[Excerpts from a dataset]
....................

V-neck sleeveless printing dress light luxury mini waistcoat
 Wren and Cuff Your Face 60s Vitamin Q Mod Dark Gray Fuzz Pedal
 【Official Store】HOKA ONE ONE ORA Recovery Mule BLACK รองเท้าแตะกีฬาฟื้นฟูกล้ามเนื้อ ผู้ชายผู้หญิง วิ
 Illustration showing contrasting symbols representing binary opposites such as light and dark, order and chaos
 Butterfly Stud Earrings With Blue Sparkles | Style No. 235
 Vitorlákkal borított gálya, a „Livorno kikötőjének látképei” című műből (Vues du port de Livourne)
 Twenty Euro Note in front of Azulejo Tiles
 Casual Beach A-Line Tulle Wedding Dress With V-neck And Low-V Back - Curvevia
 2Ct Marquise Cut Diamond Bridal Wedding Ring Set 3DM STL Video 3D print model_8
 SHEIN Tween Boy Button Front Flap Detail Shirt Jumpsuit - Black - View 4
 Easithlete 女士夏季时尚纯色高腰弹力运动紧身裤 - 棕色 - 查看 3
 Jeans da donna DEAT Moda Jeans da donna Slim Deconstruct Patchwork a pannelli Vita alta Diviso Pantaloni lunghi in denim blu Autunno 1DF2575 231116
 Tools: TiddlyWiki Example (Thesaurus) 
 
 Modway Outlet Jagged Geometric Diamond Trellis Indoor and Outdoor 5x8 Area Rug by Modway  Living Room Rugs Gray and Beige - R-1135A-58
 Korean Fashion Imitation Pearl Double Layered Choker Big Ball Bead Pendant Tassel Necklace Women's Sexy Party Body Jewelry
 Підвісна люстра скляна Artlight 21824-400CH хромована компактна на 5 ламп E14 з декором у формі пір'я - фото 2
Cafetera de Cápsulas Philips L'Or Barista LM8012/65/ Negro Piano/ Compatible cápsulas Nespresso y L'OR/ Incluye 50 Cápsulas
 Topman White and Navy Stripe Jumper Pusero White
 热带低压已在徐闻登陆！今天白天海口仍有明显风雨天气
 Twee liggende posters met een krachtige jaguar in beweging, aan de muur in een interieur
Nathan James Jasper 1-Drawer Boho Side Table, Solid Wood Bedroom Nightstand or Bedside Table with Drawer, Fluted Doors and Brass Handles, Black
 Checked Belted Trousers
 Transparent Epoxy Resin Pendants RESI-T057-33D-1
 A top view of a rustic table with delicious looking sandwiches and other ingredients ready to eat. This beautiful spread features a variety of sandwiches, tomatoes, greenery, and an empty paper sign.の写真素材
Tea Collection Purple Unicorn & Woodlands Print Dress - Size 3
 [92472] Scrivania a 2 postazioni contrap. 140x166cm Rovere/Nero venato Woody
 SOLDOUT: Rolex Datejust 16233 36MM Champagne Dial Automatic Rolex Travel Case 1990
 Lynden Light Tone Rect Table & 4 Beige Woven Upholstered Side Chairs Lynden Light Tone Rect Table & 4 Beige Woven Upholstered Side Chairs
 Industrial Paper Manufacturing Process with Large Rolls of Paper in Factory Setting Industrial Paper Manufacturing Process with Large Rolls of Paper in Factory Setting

....................

Please write out the records above once more, exactly and completely.

V-neck sleeveless printing dress light luxury mini waistcoat
 Wren and Cuff Your Face 60s Vitamin Q Mod Dark Gray Fuzz Pedal
 【Official Store】HOKA ONE ONE ORA Recovery Mule BLACK รองเท้าแตะกีฬาฟื้นฟูกล้ามเนื้อ ผู้ชายผู้หญิง วิ
 Illustration showing contrasting symbols representing binary opposites such as light and dark, order and chaos
 Butterfly Stud Earrings With Blue Sparkles | Style No. 235
 Vitorlákkal borított gálya, a „Livorno kikötőjének látképei” című műből (Vues du port de Livourne)
 Twenty Euro Note in front of Azulejo Tiles
 Casual Beach A-Line Tulle Wedding Dress With V-neck And Low-V Back - Curvevia
 2Ct Marquise Cut Diamond Bridal Wedding Ring Set 3DM STL Video 3D print model_8
 SHEIN Tween Boy Button Front Flap Detail Shirt Jumpsuit - Black - View 4
 Easithlete 女士夏季时尚纯色高腰弹力运动紧身裤 - 棕色 - 查看 3
 Jeans da donna DEAT Moda Jeans da donna Slim Deconstruct Patchwork a pannelli Vita alta Diviso Pantaloni lunghi in denim blu Autunno 1DF2575 231116
 Tools: TiddlyWiki Example (Thesaurus) 
 
 Modway Outlet Jagged Geometric Diamond Trellis Indoor and Outdoor 5x8 Area Rug by Modway  Living Room Rugs Gray and Beige - R-1135A-58
 Korean Fashion Imitation Pearl Double Layered Choker Big Ball Bead Pendant Tassel Necklace Women's Sexy Party Body Jewelry
 Підвісна люстра скляна Artlight 21824-400CH хромована компактна на 5 ламп E14 з декором у формі пір'я - фото 2
Cafetera de Cápsulas Philips L'Or Barista LM8012/65/ Negro Piano/ Compatible cápsulas Nespresso y L'OR/ Incluye 50 Cápsulas
 Topman White and Navy Stripe Jumper Pusero White
 热带低压已在徐闻登陆！今天白天海口仍有明显风雨天气
 Twee liggende posters met een krachtige jaguar in beweging, aan de muur in een interieur
Nathan James Jasper 1-Drawer Boho Side Table, Solid Wood Bedroom Nightstand or Bedside Table with Drawer, Fluted Doors and Brass Handles, Black
 Checked Belted Trousers
 Transparent Epoxy Resin Pendants RESI-T057-33D-1
 A top view of a rustic table with delicious looking sandwiches and other ingredients ready to eat. This beautiful spread features a variety of sandwiches, tomatoes, greenery, and an empty paper sign.の写真素材
Tea Collection Purple Unicorn & Woodlands Print Dress - Size 3
 [92472] Scrivania a 2 postazioni contrap. 140x166cm Rovere/Nero venato Woody
 SOLDOUT: Rolex Datejust 16233 36MM Champagne Dial Automatic Rolex Travel Case 1990
 Lynden Light Tone Rect Table & 4 Beige Woven Upholstered Side Chairs Lynden Light Tone Rect Table & 4 Beige Woven Upholstered Side Chairs
 Industrial Paper Manufacturing Process with Large Rolls of Paper in Factory Setting Industrial Paper Manufacturing Process with Large Rolls of Paper in Factory Setting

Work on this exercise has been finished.